1. Get up early, shoot late in the day
You’ll get the best light one hour after sunrise and one hour before sunset. That’s what’s commonly called “the golden hour”. Now, most tourists shoot in the middle of the day. Don’t make that same mistake. If you shoot outside while the sun is up high in the sky, you’ll get dull colors and hard shades. Instead, use your time in the middle of the day for either shooting indoors or for editing your photos. Or, just do what most other tourists do: take a seat at a nice restaurant, have a cool beer and enjoy your time.
2. Convey some sense of context
Add a few pictures that tell your audience where you are. You can do this by e.g. shooting a street sign in the local language, a flag, or people dressed in local costumes.
3. Get off the beaten path
While the river Danube, Buda Castle and the Chain Bridge have been shot to death by Budapest tourists, some smaller alleys still await discovery. Although I’m not saying that you shouldn’t shoot the main tourist attractions as well, I recommend getting off the beaten paths and showing your viewer something fresh and new. You might, for example consider exploring some of the hidden alleys that are located in the more remote parts of the city you’re visiting. In all cases, you’ll want to convey a sense of the specific location you’re visiting.
4. Watch out for the small things along the way
Keep your eyes open for the small things along your way while you’re sauntering through the streets.

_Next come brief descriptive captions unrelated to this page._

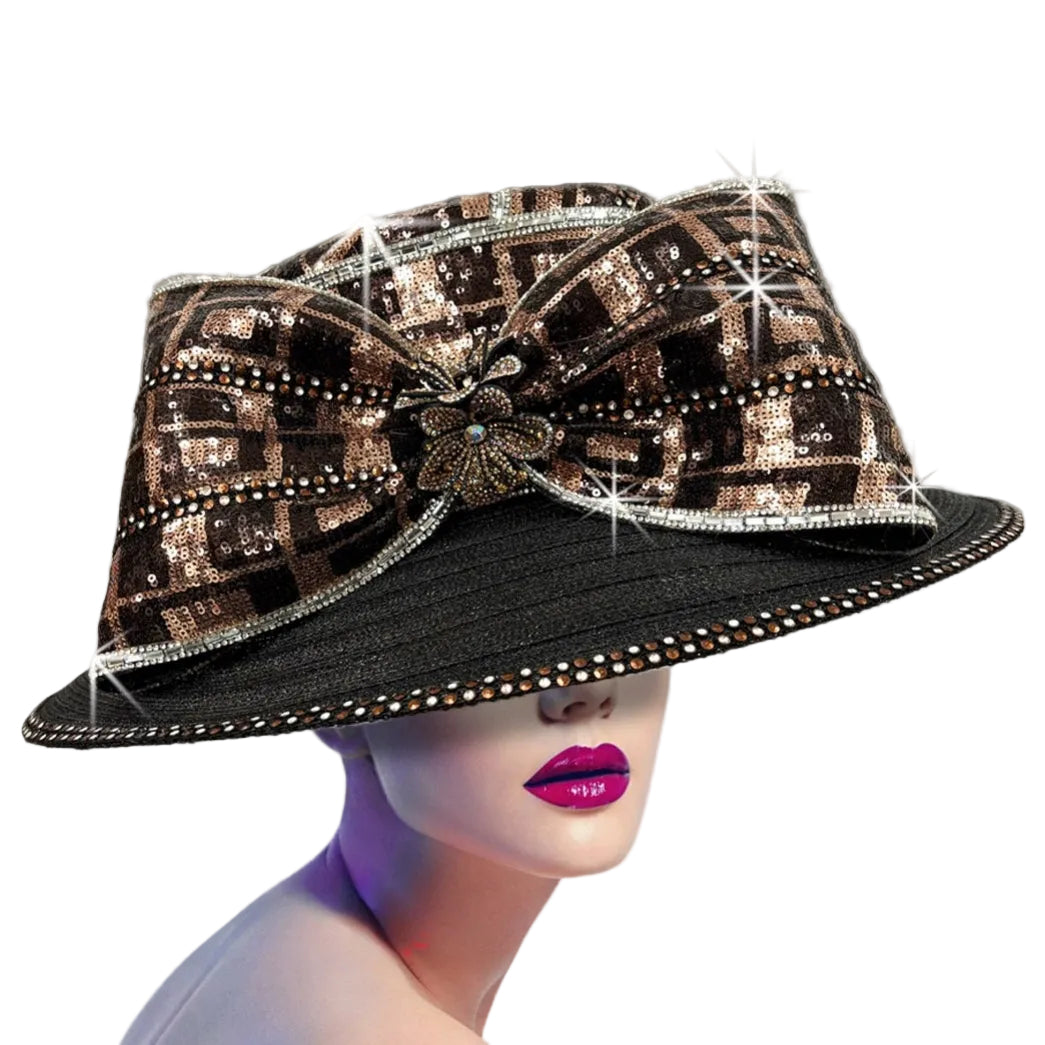 Church Hat 3423 LILY-BROWN-BLACK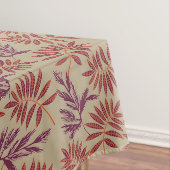 Lively Red and Purple Leaf Motifs on Neutral Beige テーブルクロス (インサイチュ)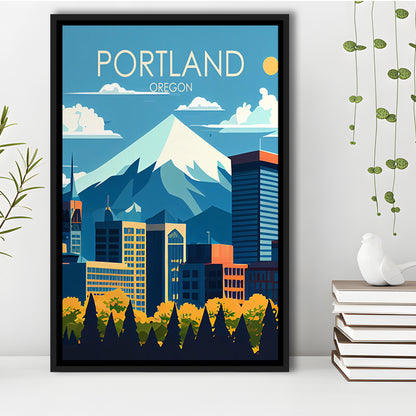 Portland Oregon Retro Art Print, Portland Beach City Wall Art, Floating Framed Canvas Print, Framed Picture, Painting Canvas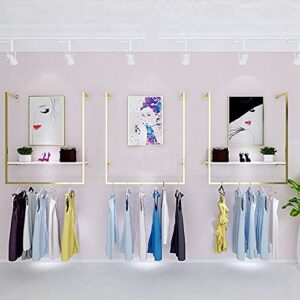 Gold Metal Wall Mounted Clothes Rail Shelf Clothing Store Simple Display Rack Window Ceiling Hanging Garment Racks Ceiling Mount Clothes Storage Hanger for Home Retail Store Use (Gold-U-Shaped+board)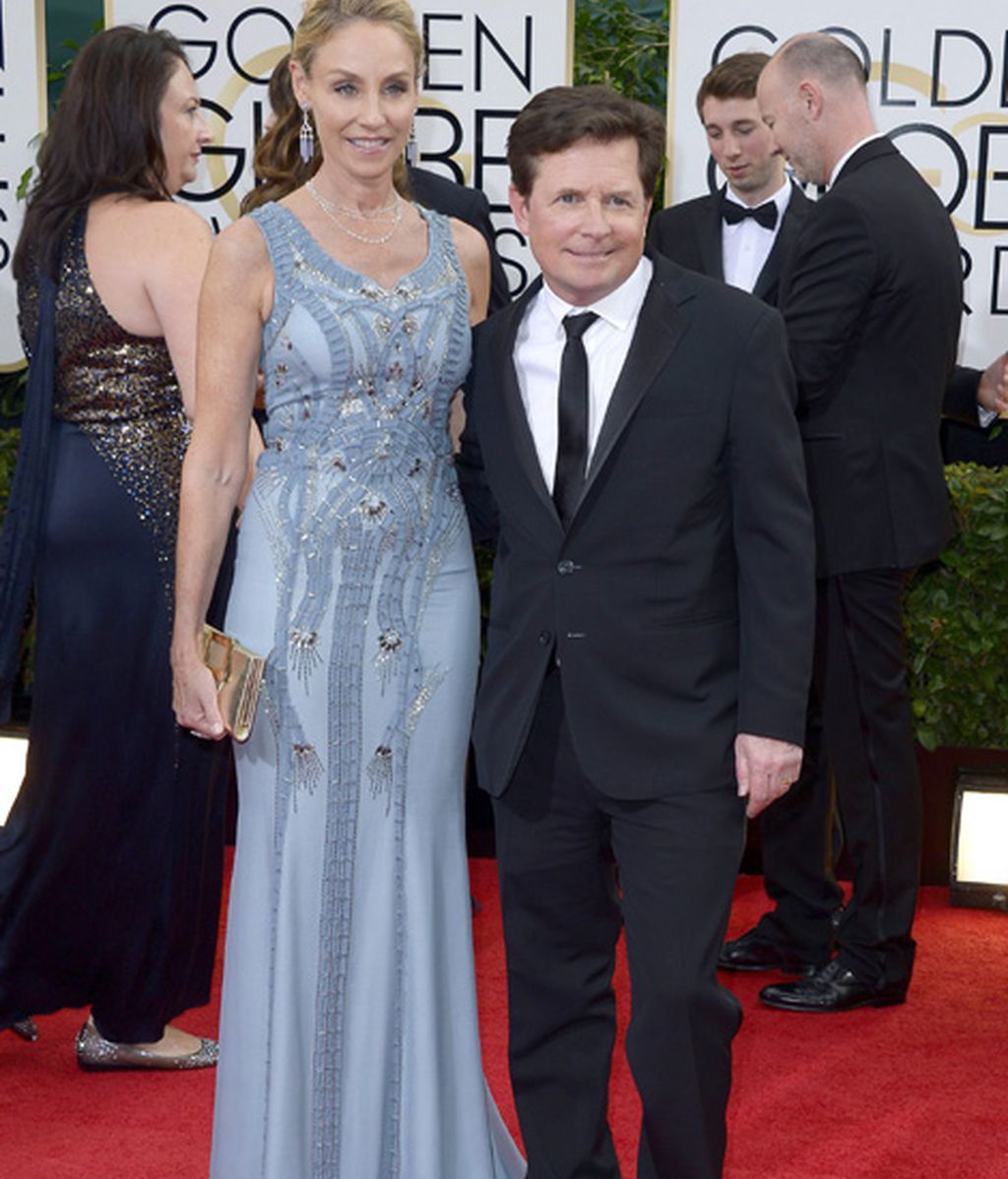 Michael J. Fox, nominado a mejor actor de comedia por 'The Michael J.Fox show', y su esposa, Tracy Pollan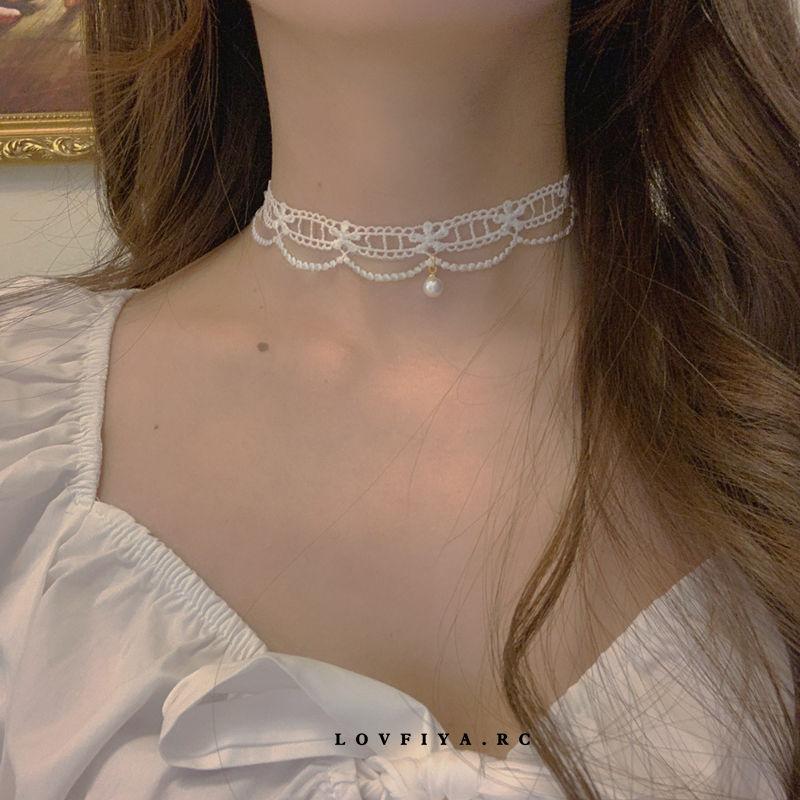 Girl s White Lace Pearl Choker Necklace Jacquard Floral Fairy Elegant Collar Necklace Delicate Clavicle Chain Jewelry Gift
Girl s White Lace Pearl Choker Necklace Jacquard Floral Fairy Elegant Collar Necklace Delicate Clavicle Chain Jewelry Gift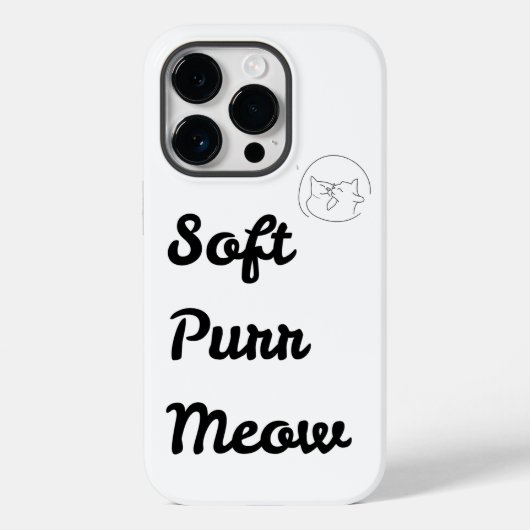 Cute "Soft Purr Meow" Minimalistische Katten Phone Case-Mate iPhone Case (Achterkant)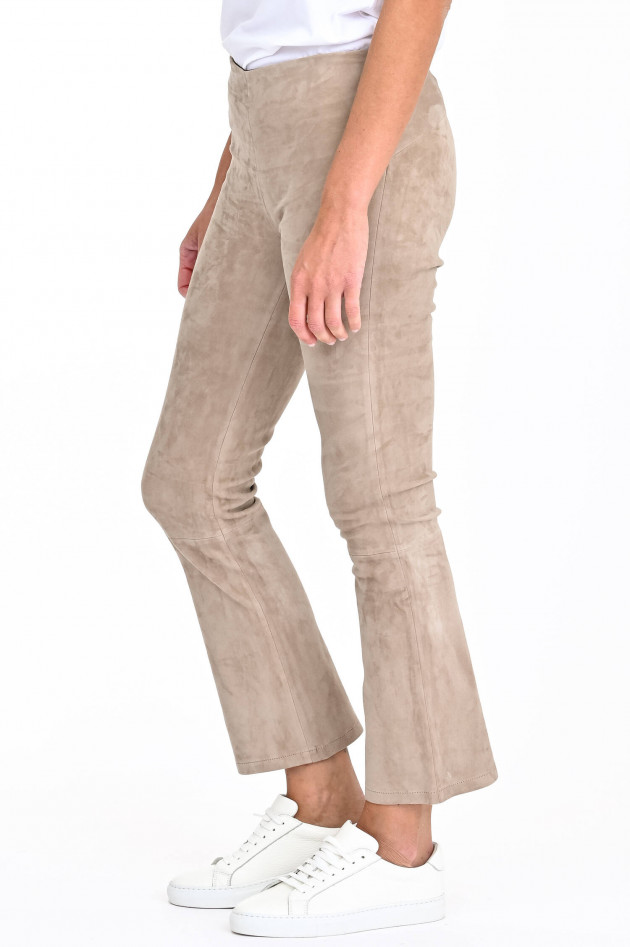 White T Raulederhose mit Kick in Taupe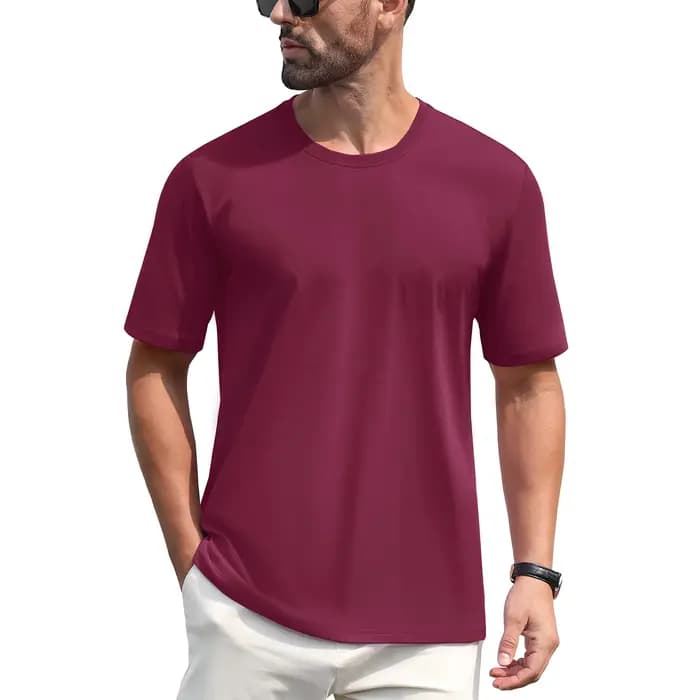 T-shirt à Manches Courtes et Col Ras du Cou en Coton pour Homme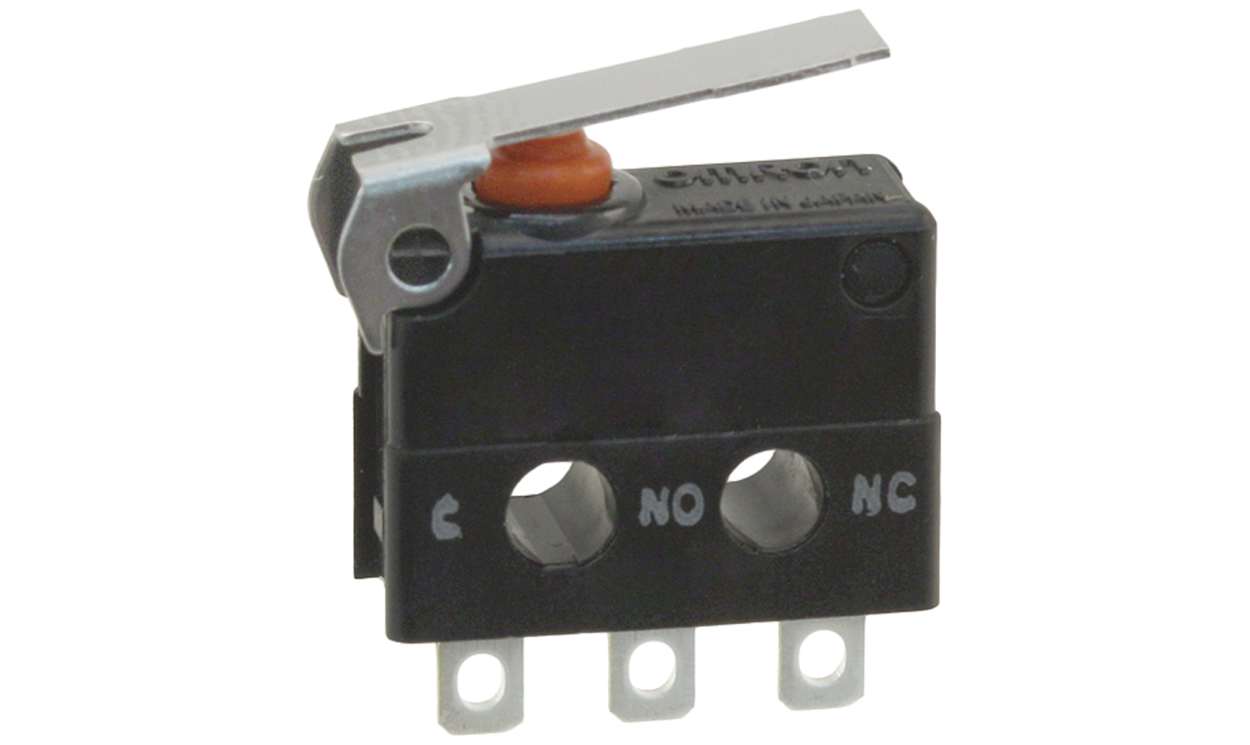 Omron D2JW-01K1A1, Short Lever Micro Switch, Solder Terminal, 100 mA @ 30 V dc, SPDT, IP67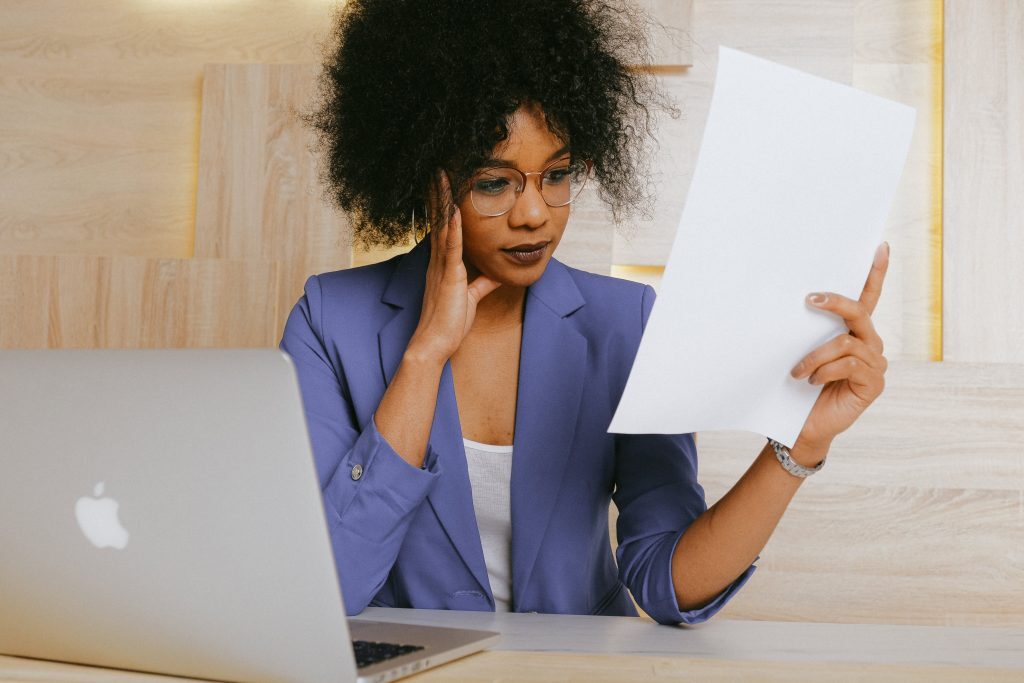 Serious woman at work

Don’t just pay attention to buildings, places, and statues that are listed in your tourist guide. In many cases, you will be surprised by how many great photo opportunities you would have missed if you just shot the most obvious targets.
5. Add in some action shots as well
Adding in some action shots will make your series of pictures more lively. If your photos only show an endless number of buildings and panoramic views, your audience will get bored very quickly. For that reason, always use a camera strap, take your lens cap off, keep your camera turned on, and wait for the right opportunity. If you first have to open your camera bag and get your camera ready for the shot, the moment will most likely be gone. I’m using a Black Rapid camera strap which fastens to the tripod socket of my camera. It’s not inexpensive (around $60), but it’s one of the most versatile pieces of equipment I own.